= Longest English sentence =

Longest printed sentences in English

There have been several claims for the "longest sentence in the English language" revolving around the longest printed sentence.

Sentences can be made arbitrarily long in various ways. One method is successive iterations, such as
"Someone thinks that someone thinks that someone thinks that..." while another method is combining shorter clauses. Sentences can also be extended by recursively embedding clauses one into another, such as:
"The mouse ran away."
"The mouse that the cat hit ran away."
"The mouse that the cat hit that the dog bit ran away.
"The mouse that the cat hit that the dog bit that the fly landed on ran away."
...
This also highlights the difference between linguistic performance and linguistic competence, because the language can support more variation than can reasonably be created or recorded. As a result, one linguistics textbook concludes that, in theory, "there is no longest English sentence."

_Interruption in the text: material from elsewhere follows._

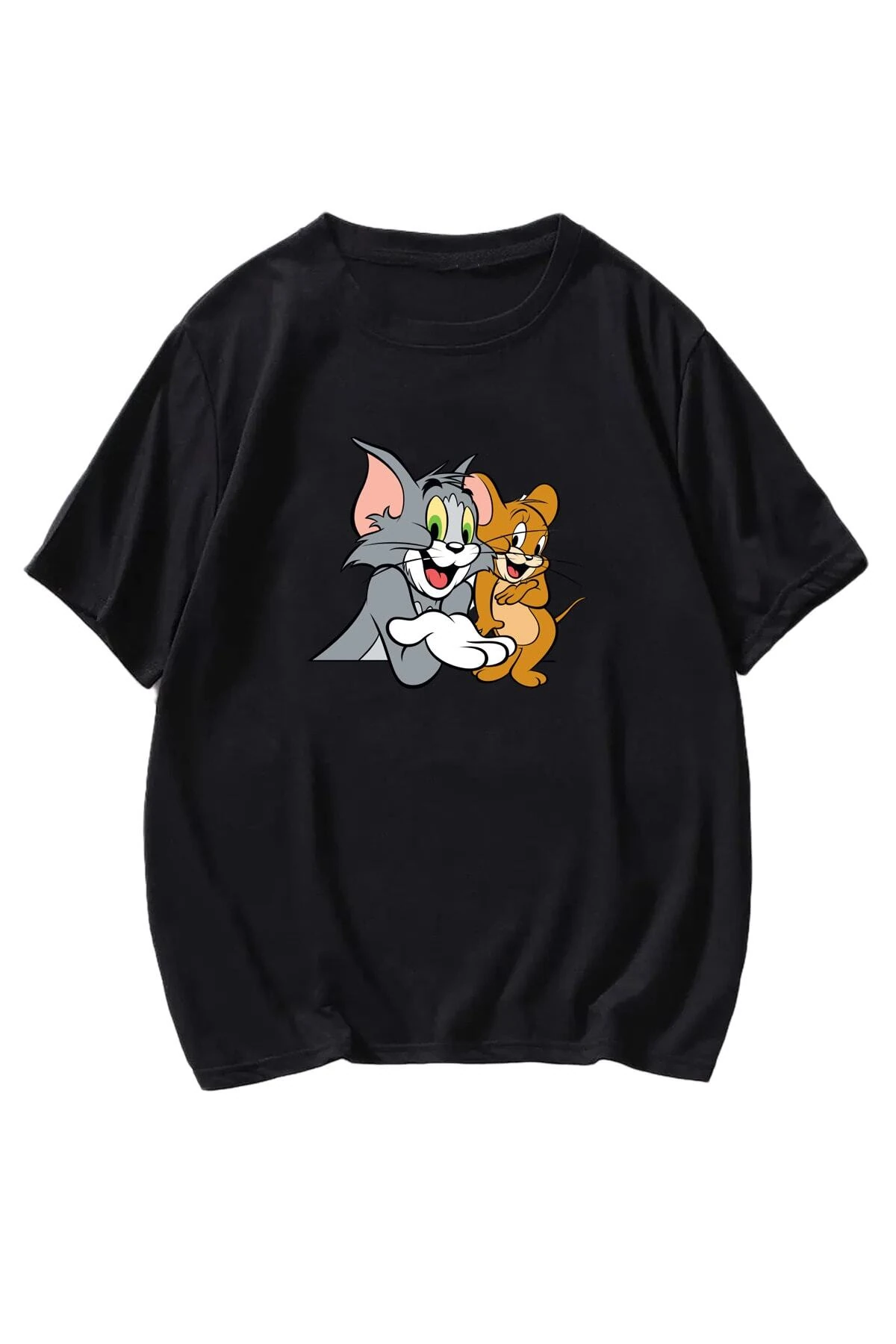 Tom Ve Jerry T-shirt -siyah, Baskılı, Bisiklet Yaka, Baskılı, Kısa Kol, Boyfriend, Bol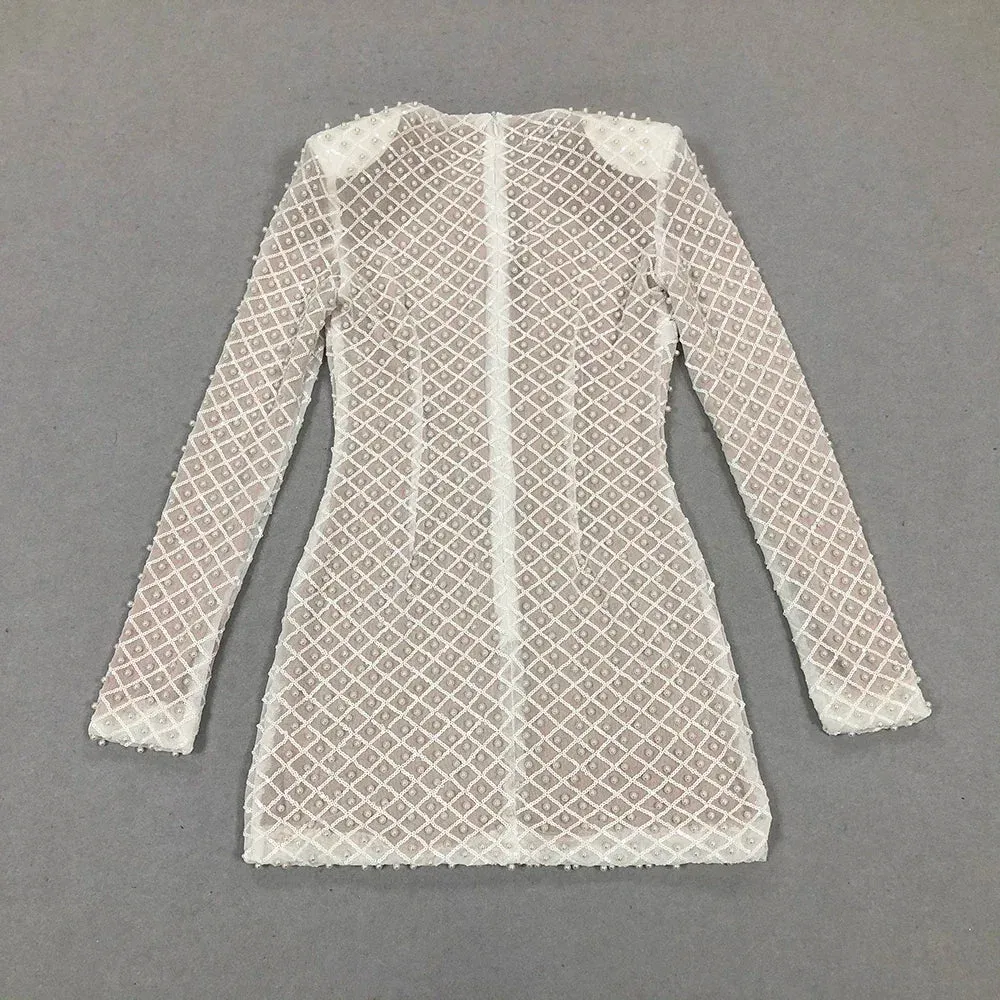 Pearl Sequin Mini Long Sleeve Party Dress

==Exceptionally long sentences in print==

- An Accommodating Advertisement and an Awkward Accident, the 427-word winning entry in Tit-Bits Magazine's Christmas 1884 competition for "the longest sensible sentence, every word of which begins with the same letter".
- Molly Bloom's soliloquy in the James Joyce novel Ulysses (1922) contains a sentence of 4,391 words.
- William Faulkner's Absalom, Absalom! (1936) contains a sentence composed of 1,288 words (in the 1951 Random House version)
- Jonathan Coe's 2000 novel The Rotters' Club has a sentence with 13,955 words. It was inspired by Bohumil Hrabal's Dancing Lessons for the Advanced in Age: a Czech language novel written in one long sentence.
- Solar Bones by Mike McCormack is written as one sentence. It won the 2016 Goldsmith's prize for experimental fiction, was longlisted for the Booker in 2017 and won the 2018 International Dublin Literary Award.
- Ducks, Newburyport by Lucy Ellmann, a finalist for the 2019 Booker Prize, runs more than a thousand pages, mostly consisting of a single sentence that is 426,100 words long
- This Book Is the Longest Sentence Ever Written and Then Published (2020), by humor writer Dave Cowen, consists of one sentence that runs for 111,111 words, and is a stream of consciousness memoir.